What to produce =
Copy exactly, and only, the lines from the line containing "Auf einem Parkplatz" through the last line of the records below, both included, and leave out any pictures.
[[ Data for this task, beginning ]]
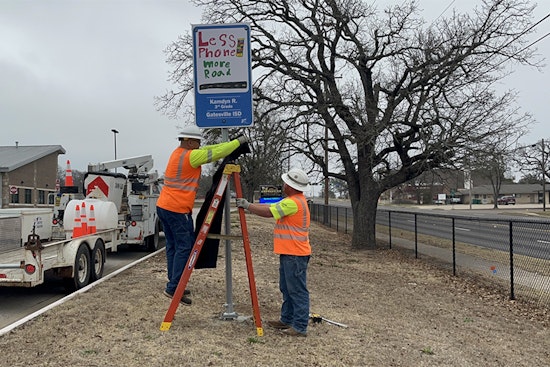 Waco Student's Safety Artwork Transforms into Roadside Reminder: "Less phone. More road."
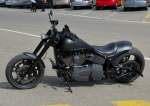 Auf einem Parkplatz ist mir diese schöne schwarze Harley Davidson am 14.09.2012 aufgefallen.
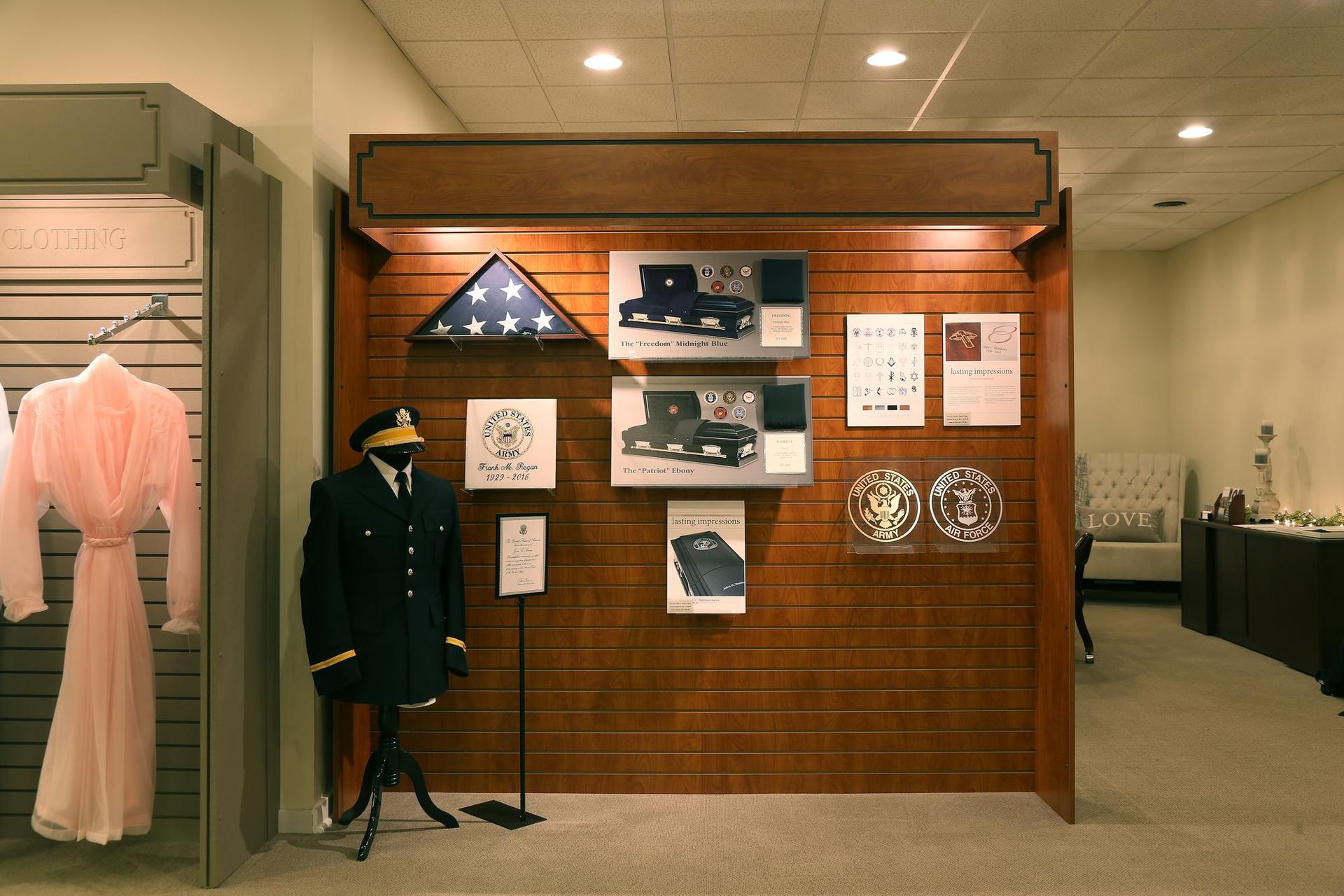 Museum exhibit wall with naval memorabilia and photos, beside a mannequin in a dark uniform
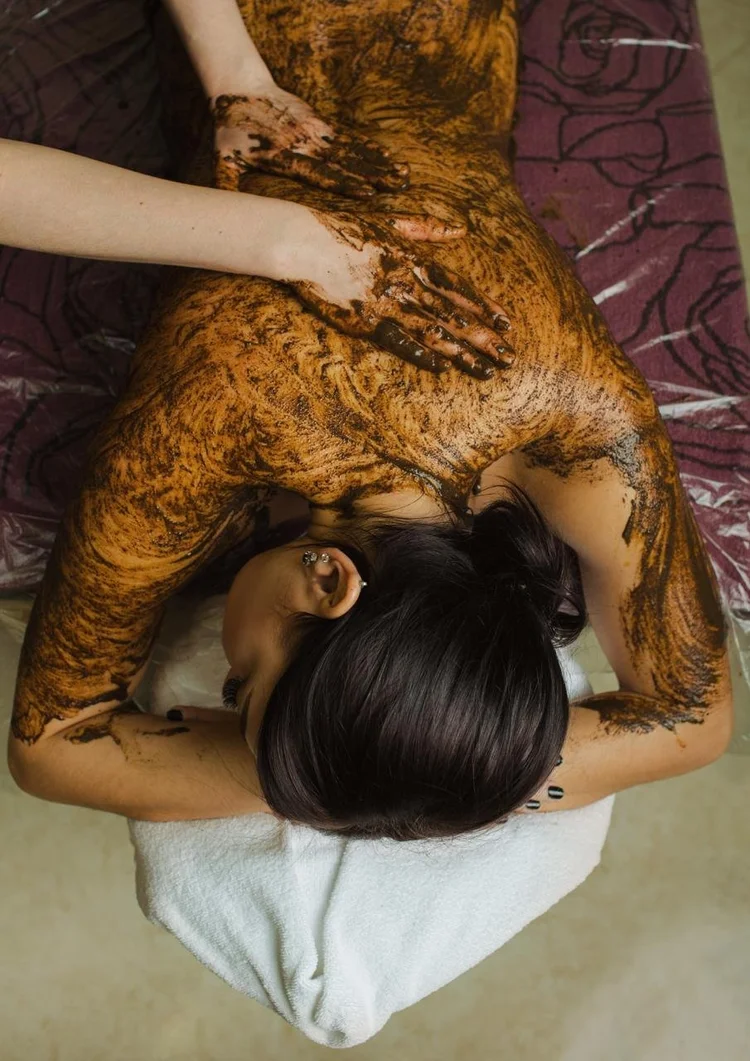 Exfoliating body scrub being applied to a client’s back
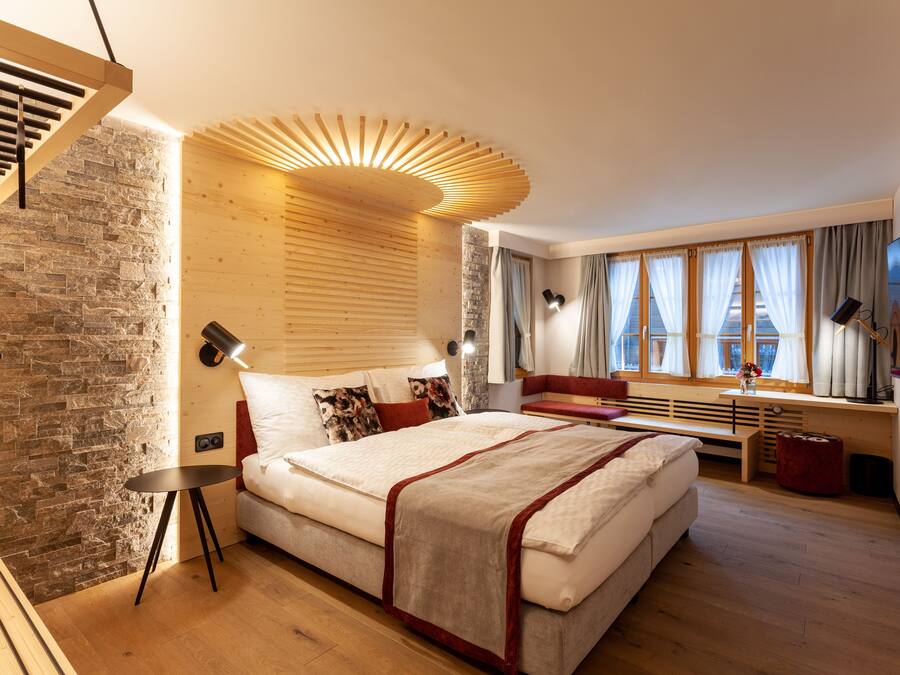 A modern bedroom with a large bed, wooden accents, stone wall, and large windows.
[[ Data for this task, end ]]
Expected answer =
 Auf einem Parkplatz ist mir diese schöne schwarze Harley Davidson am 14.09.2012 aufgefallen.
 Museum exhibit wall with naval memorabilia and photos, beside a mannequin in a dark uniform
 Exfoliating body scrub being applied to a client’s back
 A modern bedroom with a large bed, wooden accents, stone wall, and large windows.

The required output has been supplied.